Work order → Exclude the pictures, and otherwise reproduce the data in full.

[Brief descriptive captions]
====

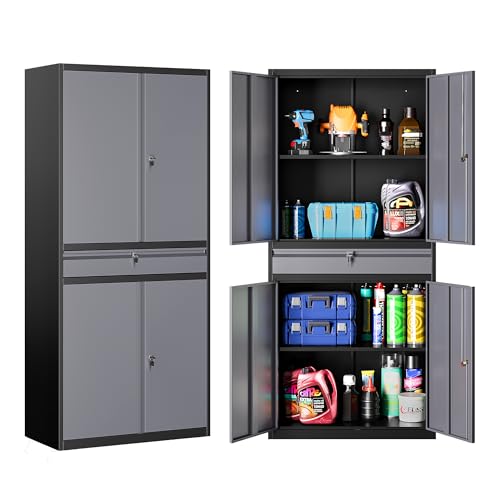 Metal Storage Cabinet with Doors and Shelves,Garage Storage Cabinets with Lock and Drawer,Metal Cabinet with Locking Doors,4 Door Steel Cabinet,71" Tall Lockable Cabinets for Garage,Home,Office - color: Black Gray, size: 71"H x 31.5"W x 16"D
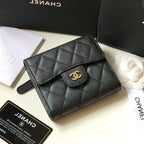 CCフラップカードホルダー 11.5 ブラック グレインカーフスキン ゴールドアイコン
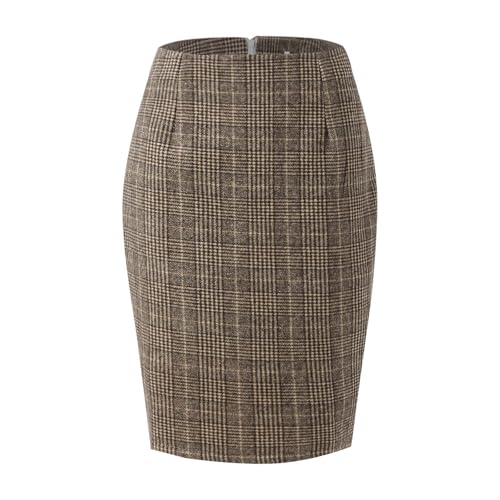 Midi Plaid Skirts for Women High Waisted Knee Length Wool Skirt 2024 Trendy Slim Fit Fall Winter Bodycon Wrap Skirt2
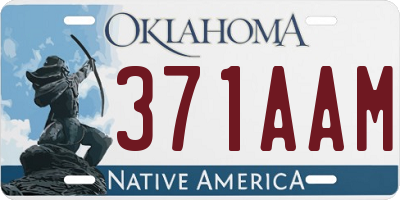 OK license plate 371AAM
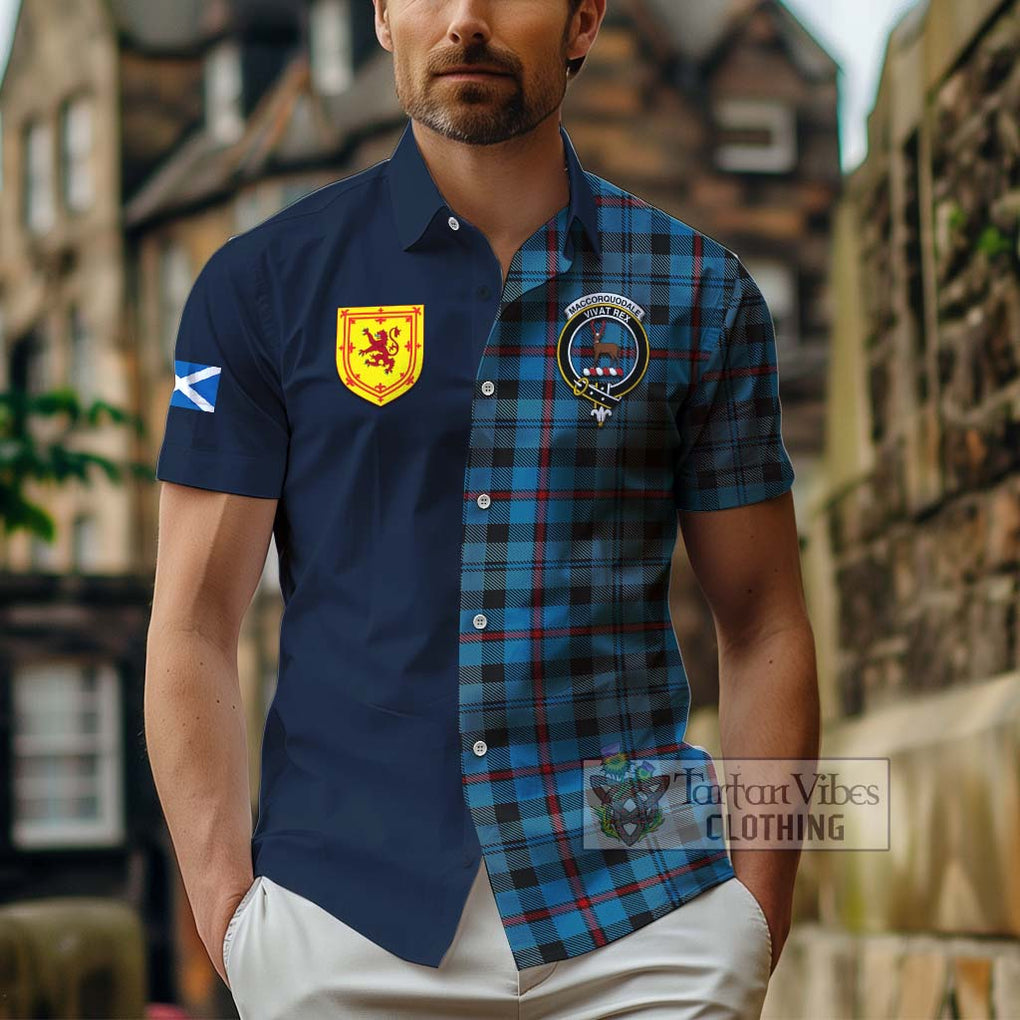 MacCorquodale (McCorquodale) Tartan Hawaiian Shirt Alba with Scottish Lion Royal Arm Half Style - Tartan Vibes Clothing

====

Output of the exercise →
 Metal Storage Cabinet with Doors and Shelves,Garage Storage Cabinets with Lock and Drawer,Metal Cabinet with Locking Doors,4 Door Steel Cabinet,71" Tall Lockable Cabinets for Garage,Home,Office - color: Black Gray, size: 71"H x 31.5"W x 16"D
 CCフラップカードホルダー 11.5 ブラック グレインカーフスキン ゴールドアイコン
 Midi Plaid Skirts for Women High Waisted Knee Length Wool Skirt 2024 Trendy Slim Fit Fall Winter Bodycon Wrap Skirt2
 OK license plate 371AAM
 MacCorquodale (McCorquodale) Tartan Hawaiian Shirt Alba with Scottish Lion Royal Arm Half Style - Tartan Vibes Clothing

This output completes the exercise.